Behind all the pessimistic headlines, there's actually a lot of good news. The competitive landscape is much more rational. Talented employees are in greater supply. And for all the dot-com layoffs, jobs at legitimate online businesses are still available.

For those of us who still live and breathe the Internet for our daily living, it’s a lot like being fans of Milli Vanilli after their public exposure as lip-synching marionettes with funky coifs. A once-adoring media and public have since pulled their GRAMMY Award, and we are now forced to listen to “their” music in private to avoid public humiliation.

Yet if we were true Vanilli fans, we’d enjoy their music whether there was public validation or “milli-vilification.” That’s the challenge put today to the remaining true believers of Internet business: We must continue to follow our beliefs, doing what we’ve been doing, despite the overwhelming tides of unabated greed and subsequent schadenfreude.

Of course, that’s not to say our conceptions of what it takes to be a successful online business must remain static. What defines a successful online business continues to evolve rapidly.

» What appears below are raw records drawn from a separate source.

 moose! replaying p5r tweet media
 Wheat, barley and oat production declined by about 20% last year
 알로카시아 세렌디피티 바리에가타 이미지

“Sure We Lose $50 per Customer, But We Make It Up in Volume!”

What lessons can we say we’ve learned thus far?

Two years ago, aggregating a broad swath of online users was all that mattered — regardless of your balance sheet. If Media Metrix said your site was immensely popular, even if that popularity came at the price of handing out $50 bills to everyone who visited your site, your initial public offering (IPO) was close to a sure thing.

Today, as we’ve now collectively realized, being popular isn’t an end in itself. Rather, it is only a means. As long as businesses are valued for their profits and cash flow, your site could have only a hundred users and still be wildly successful — assuming that those users spend an enormous amount of money with you.

Whether the death of dot-com freebies (the recent and simultaneous abandonment of free disk space from both i-drive and Xdrive come to mind) or the erosion of Web-based convenience services with razor-thin margins (look no further than Webvan or Kozmo.com), another lesson is that consumers will drive a good thing into the ground as fast as you let them. All the free milk in the world won’t spare the golden calf from becoming victim to someone’s momentary burger binge.

Furthermore, there will always be competitors with more dubious business models who will undercut you. The trick is in knowing where to draw your limits and strike a balance between competing to death and surviving to compete another day. Many of these competitors are doomed to the brief and disastrous path of unsustainable investment.

I Was Dot-Com When Dot-Com Wasn’t Cool

Several recent articles have posed this question: Who’s to blame for the dot-com collapse? But the blame game is an unproductive and worthless exercise.

Stop blaming the fools who inflated the stock prices of worthless companies without a prayer of a business plan. Stop blaming a soft advertising market or weaker consumer demand in the economy or users who won’t pay for what they can get elsewhere for free. Stop finding excuses or reasons to fail, and start taking responsibility for your business direction from this day forward. It may sound trivial, but today it seems that a lot of Internet businesses have lost sight of that approach.

Behind all the pessimistic headlines, there’s actually a lot of good news. The competitive landscape is much more rational. Talented employees are in greater supply. Employees who were in it only for a fast buck, and were far less committed to your business cause, have long since returned to their former employers. And for all the dot-com layoffs in the news, we’d argue that there’s been a steady number of available jobs at legitimate online businesses over the past several years.

So maybe Internet business isn’t the flavor of the month anymore. That’s no reason to lose your focus and stop executing. Internet usage is here to stay, there is money to be made online, and the medium continues to evolve. Internet businesses today should be a little older and wiser — and that is a competitive advantage.

Just don’t call it “new media” anymore.